397401 Advanced catalyst design strategies: Integrating machine learning and probability theory with quantum mechanics and descriptor-based analysis
Chemical processes driven by heterogeneous catalysts are central to a broad range of existing and emerging renewable energy technologies. The ability to engineer novel catalysts which are more active, selective, or inexpensive for a given chemical transformation has the potential to enable or radically improve processes for sustainable energy conversion. A particularly exciting development in the search for novel catalysts is the ability to design catalysts in silico using computational methods. A number of promising strategies for computer-aided catalyst design have been developed, including descriptor-based optimizations, genetic algorithms, and high-throughput computational screening. The previous success of in silico catalyst design demonstrates the potential power of catalyst prediction through fundamental understanding.
The problem of catalyst design can be considered in terms of two essential challenges: establishing a connection between atomic-scale models and observed reaction rates, and systematically predicting novel catalysts and processes based on these models. My work will utilize machine learning and probability theory to more efficiently utilize existing theoretical and experimental results to provide fundamental understanding and robust predictions.

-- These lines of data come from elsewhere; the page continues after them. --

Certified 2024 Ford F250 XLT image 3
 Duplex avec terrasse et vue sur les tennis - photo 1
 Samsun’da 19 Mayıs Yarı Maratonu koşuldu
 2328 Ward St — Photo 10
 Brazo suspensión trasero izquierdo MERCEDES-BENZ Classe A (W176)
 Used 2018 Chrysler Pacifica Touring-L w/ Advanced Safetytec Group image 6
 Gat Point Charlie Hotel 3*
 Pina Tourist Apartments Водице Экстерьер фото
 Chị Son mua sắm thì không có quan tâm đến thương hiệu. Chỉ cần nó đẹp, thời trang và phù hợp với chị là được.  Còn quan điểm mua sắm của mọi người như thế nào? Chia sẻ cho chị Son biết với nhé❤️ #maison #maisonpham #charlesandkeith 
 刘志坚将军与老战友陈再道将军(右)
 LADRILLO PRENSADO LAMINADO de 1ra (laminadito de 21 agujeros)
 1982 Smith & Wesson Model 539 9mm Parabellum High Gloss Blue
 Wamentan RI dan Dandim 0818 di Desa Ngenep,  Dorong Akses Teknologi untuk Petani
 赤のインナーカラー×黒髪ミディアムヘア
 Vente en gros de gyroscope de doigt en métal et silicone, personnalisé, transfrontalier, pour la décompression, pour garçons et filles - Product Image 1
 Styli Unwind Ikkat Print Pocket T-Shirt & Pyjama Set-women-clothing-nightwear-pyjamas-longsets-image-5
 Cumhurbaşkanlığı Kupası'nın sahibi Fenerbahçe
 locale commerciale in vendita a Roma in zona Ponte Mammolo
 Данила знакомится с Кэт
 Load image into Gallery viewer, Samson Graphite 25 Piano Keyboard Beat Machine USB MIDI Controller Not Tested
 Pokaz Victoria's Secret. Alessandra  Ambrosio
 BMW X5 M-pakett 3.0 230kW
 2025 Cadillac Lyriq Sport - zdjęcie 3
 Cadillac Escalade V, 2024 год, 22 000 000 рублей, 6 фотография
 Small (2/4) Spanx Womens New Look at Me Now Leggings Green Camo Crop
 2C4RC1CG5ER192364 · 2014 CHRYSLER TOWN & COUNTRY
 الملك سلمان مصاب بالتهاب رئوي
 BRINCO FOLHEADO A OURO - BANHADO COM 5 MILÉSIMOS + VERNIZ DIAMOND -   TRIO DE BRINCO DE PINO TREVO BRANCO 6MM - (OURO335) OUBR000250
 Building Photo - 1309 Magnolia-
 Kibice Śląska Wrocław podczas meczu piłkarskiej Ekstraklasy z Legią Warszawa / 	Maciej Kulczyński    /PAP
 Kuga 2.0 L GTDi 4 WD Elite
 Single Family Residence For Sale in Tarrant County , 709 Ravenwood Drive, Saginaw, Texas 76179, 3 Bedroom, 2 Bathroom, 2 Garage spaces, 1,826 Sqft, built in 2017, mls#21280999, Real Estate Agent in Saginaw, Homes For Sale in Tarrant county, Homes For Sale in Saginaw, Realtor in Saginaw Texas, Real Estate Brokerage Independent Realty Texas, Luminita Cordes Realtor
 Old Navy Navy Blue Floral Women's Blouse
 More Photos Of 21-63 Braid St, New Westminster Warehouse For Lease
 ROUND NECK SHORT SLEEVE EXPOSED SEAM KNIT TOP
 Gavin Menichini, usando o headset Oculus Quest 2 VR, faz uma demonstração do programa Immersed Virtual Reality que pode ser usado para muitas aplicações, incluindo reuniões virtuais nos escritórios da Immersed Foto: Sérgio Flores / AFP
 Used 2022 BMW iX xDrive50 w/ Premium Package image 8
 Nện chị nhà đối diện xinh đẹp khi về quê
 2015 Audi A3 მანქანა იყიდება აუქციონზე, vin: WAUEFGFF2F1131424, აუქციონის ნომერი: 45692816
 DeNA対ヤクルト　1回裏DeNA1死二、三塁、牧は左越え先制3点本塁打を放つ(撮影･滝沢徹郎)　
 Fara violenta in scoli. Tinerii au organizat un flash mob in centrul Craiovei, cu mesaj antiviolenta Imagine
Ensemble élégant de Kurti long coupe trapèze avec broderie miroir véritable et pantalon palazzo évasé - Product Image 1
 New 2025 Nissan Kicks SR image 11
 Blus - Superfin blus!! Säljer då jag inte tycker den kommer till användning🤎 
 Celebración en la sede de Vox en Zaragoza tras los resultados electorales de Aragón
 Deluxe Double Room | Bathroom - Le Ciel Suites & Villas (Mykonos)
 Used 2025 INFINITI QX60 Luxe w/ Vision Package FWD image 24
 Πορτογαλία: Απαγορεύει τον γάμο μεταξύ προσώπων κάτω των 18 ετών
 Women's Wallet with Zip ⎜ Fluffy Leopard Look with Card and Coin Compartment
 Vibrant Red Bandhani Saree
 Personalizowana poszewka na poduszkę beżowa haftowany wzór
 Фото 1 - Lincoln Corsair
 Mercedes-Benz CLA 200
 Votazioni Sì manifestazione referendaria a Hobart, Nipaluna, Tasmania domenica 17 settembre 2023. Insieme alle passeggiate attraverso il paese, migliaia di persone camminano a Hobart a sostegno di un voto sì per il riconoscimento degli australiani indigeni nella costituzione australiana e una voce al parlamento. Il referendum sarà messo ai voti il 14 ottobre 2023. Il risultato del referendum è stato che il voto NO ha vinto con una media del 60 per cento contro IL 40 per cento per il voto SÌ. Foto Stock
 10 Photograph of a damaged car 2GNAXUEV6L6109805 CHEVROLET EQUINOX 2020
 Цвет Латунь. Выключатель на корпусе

Understanding the connection between atomic-scale models and observed rates is particularly difficult due to the ubiquitous nature of uncertainty in heterogeneous catalysis. The potential importance of transient species, rare events, and sparse active sites makes experimental investigations difficult; moreover, the complex electronic structure of surfaces and vast possibilities of active site geometries presents a challenge for even the most advanced computational methods. Using probability theory as an extended logic, my research will seek to account for uncertainty in order to develop quantitative connections between atomic-scale models and catalytic activity.
The development of predictive methods for catalyst discovery relies on access to large amounts of data and innovative approaches to data analysis. The current state of computational catalysis research places the field on the brink of a data-rich era, where research is limited by data analysis rather than data generation. The impact of available information can be maximized by the use of improved methods for data analysis and catalyst optimization. Descriptor-based analyses provide one route towards insight-based catalyst discovery. My research will build on descriptor methods by using more advanced statistical methods and generalizing the design space beyond surface properties.